XML extensions to HTML

This note presents some ideas on the requirements and potential solutions for embedding XML within HTML documents. It was prepared as briefing material for the XML in HTML meeting in February 1998.

HTML needs an extension mechanism

HTML needs an extension mechanism, and XML provides a solution together with a few conventions for declaring XML elements and binding them to software for processing them.

Ease of authoring should be paramount!

For simple extensions, the effort required of authors should be minimal. The trade off should not be biased towards ease of processing -- computers are cheap, people are not.

HTML pages with XML extensions should be viewable in older browsers

Authors can in principle provide two versions of their pages and have the server figure out which version to send for each request: one for older browsers and one for new.

In practice, this is rather tedious and it will be preferable to use the same version for all browsers. There are several ways of approaching this, as will be explained below.

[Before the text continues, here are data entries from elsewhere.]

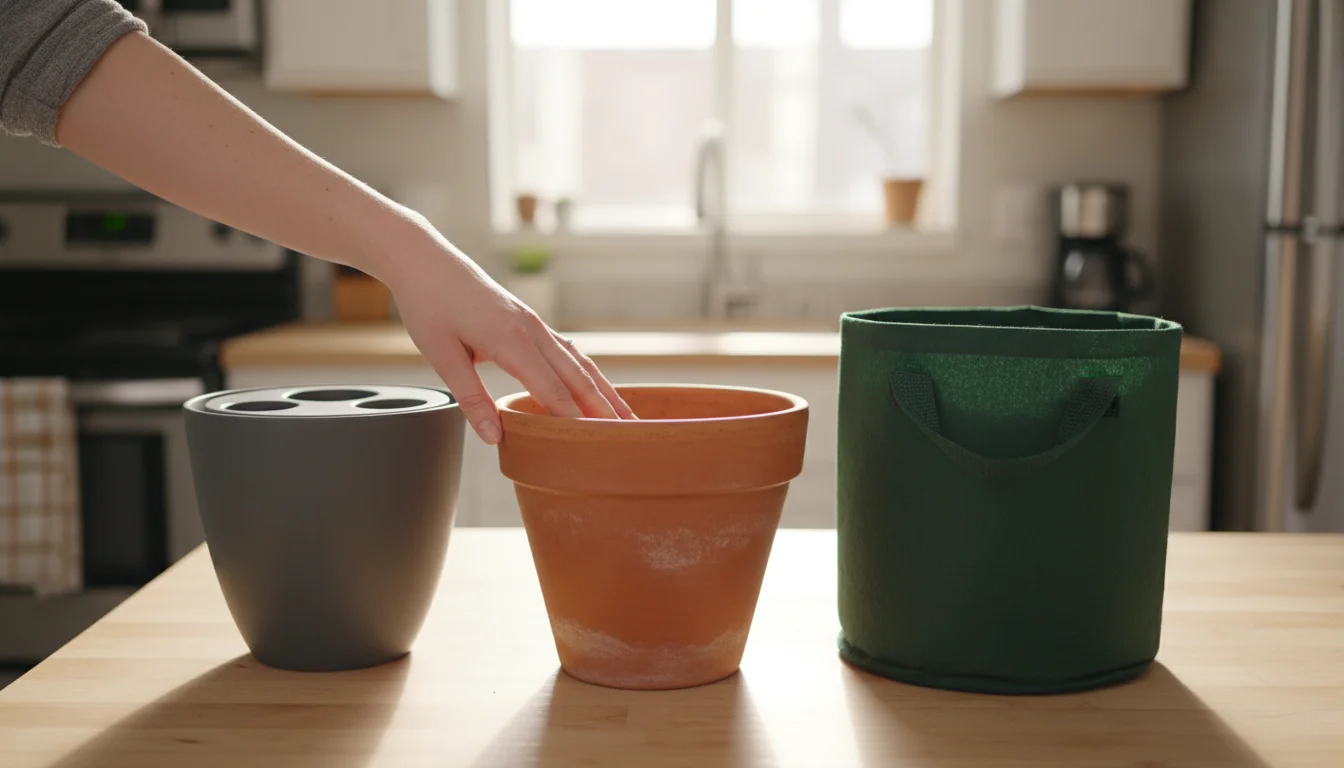 A woman's hand touches an empty terracotta pot among a grey self-watering planter and a green fabric grow bag on a wooden counter.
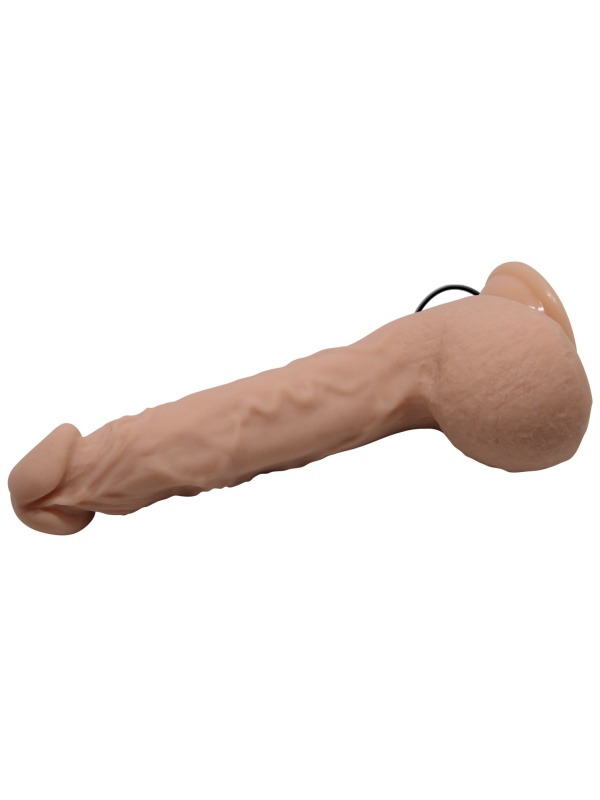 Телесный вибратор с большой мошонкой Jason - 25 см.
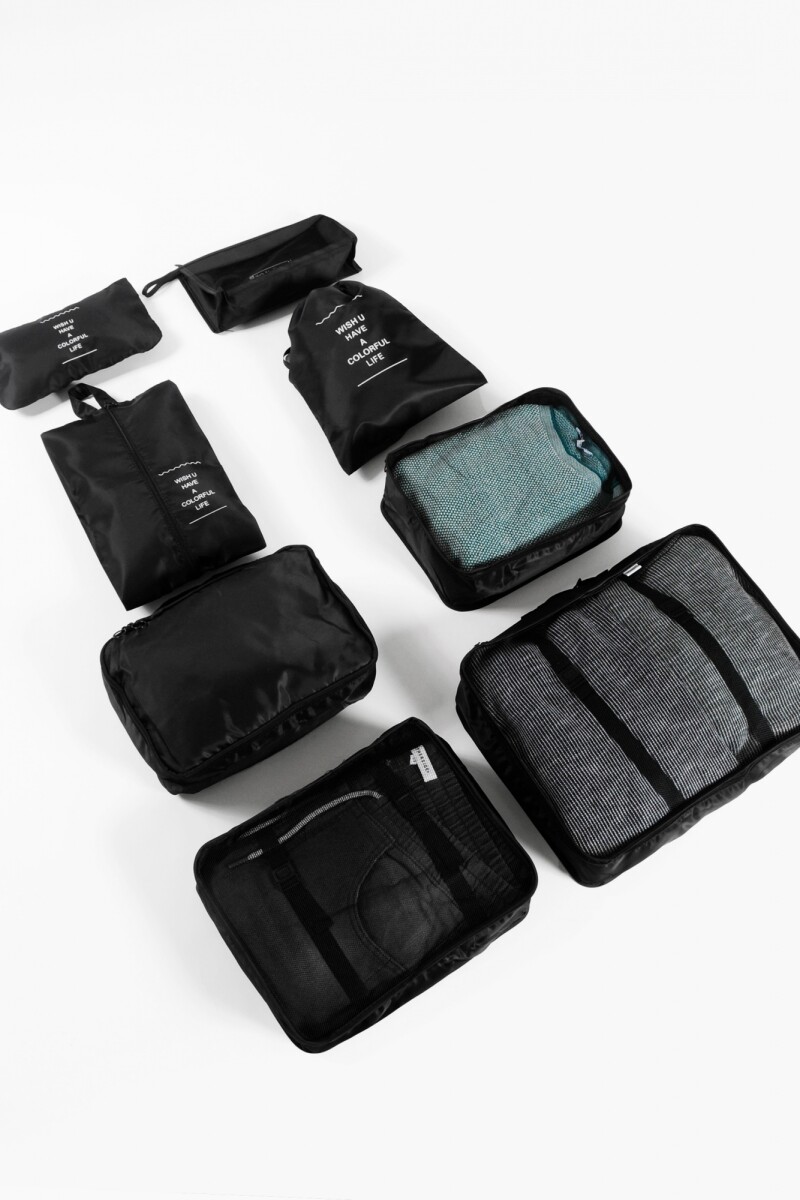 Set de 8 estuches organizadores para viaje negro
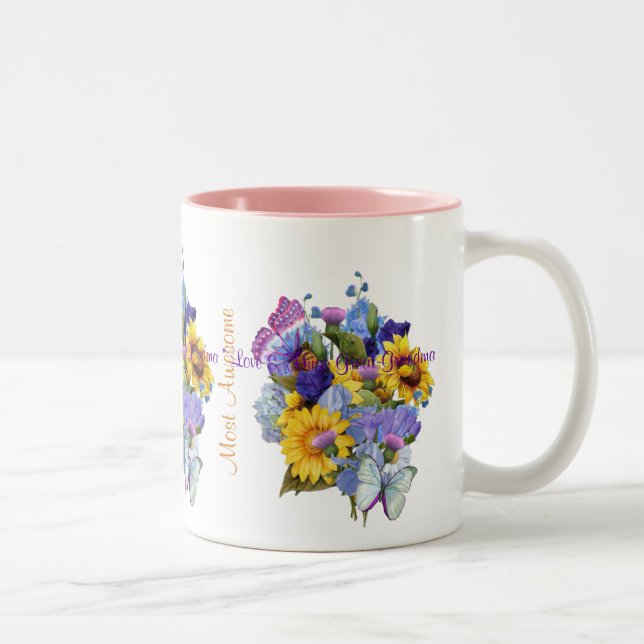 Summer Bouquet - Großes Oma Zweifarbige Tasse (Rechts)
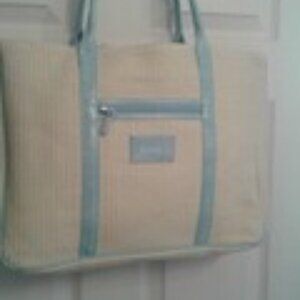 Sue Devitt Large Straw Beach Tote Bag, Purse, Travel, Picnic Faux Crocodile Trim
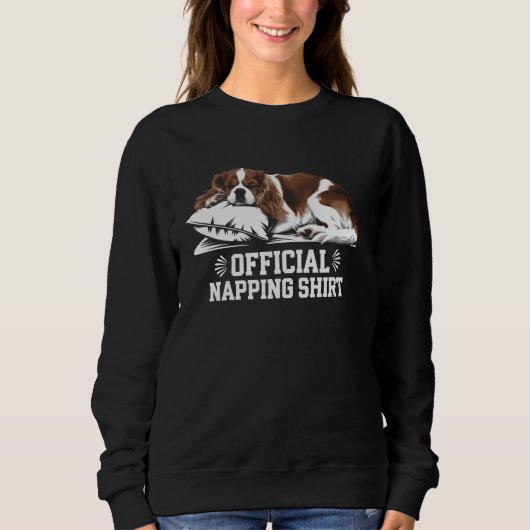 Cavalier King Charles Spaniel Napping Dog Lover La スウェットシャツ (正面)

Recognizing an extension when you see one

The simplest extension is an empty element, for instance:

    <simple/>

Of course this could have some parameters:

    <simple param1="value1" param2="value2"/>

HTML parsers could use a special attribute to recognize extension elements, for instance, we could use the attribute xml-extension, e.g.

    <simple xml-extension="http://www.sonix.com/widget"/>

where the value of this attribute is an URL that serves to bind the element to the software needed to process it. This approach rapidly becomes tedious and wasteful when a given element needs to be repeated many times on the same page.

Declaring extensions in advance

The XML name space draft suggests a related possibility where the URL is declared in advance together with a local name that can be used as a prefix for a variety of elements covered by the name space, for instance, the following example imagines a set of widgets for building interfaces to an audio mixing desk:

<?namespace href="http://www.sonix.com/widgets" as="widgets"?>

  ... some time later on in the document ...

    <widgets:slider id="volume"\>
    <widgets:gauge id="volume-gauge"\>

But <?instructions?> are visible in many older browsers

This line includes a processing instruction here: which shows up in Netscape 3.0 but not in Netscape 4.0 and other newer browsers such as Opera.

This problem can be avoided by using a dedicated element for declaring extensions. This element will have to be added to HTML. Here is a possibility:

<declare href="http://www.sonix.com/widgets" as="widgets">

  ... some time later on in the document ...

    <widgets:slider id="volume"\>
    <widgets:gauge id="volume-gauge"\>

The reason why I switch names will become clearer later on this note.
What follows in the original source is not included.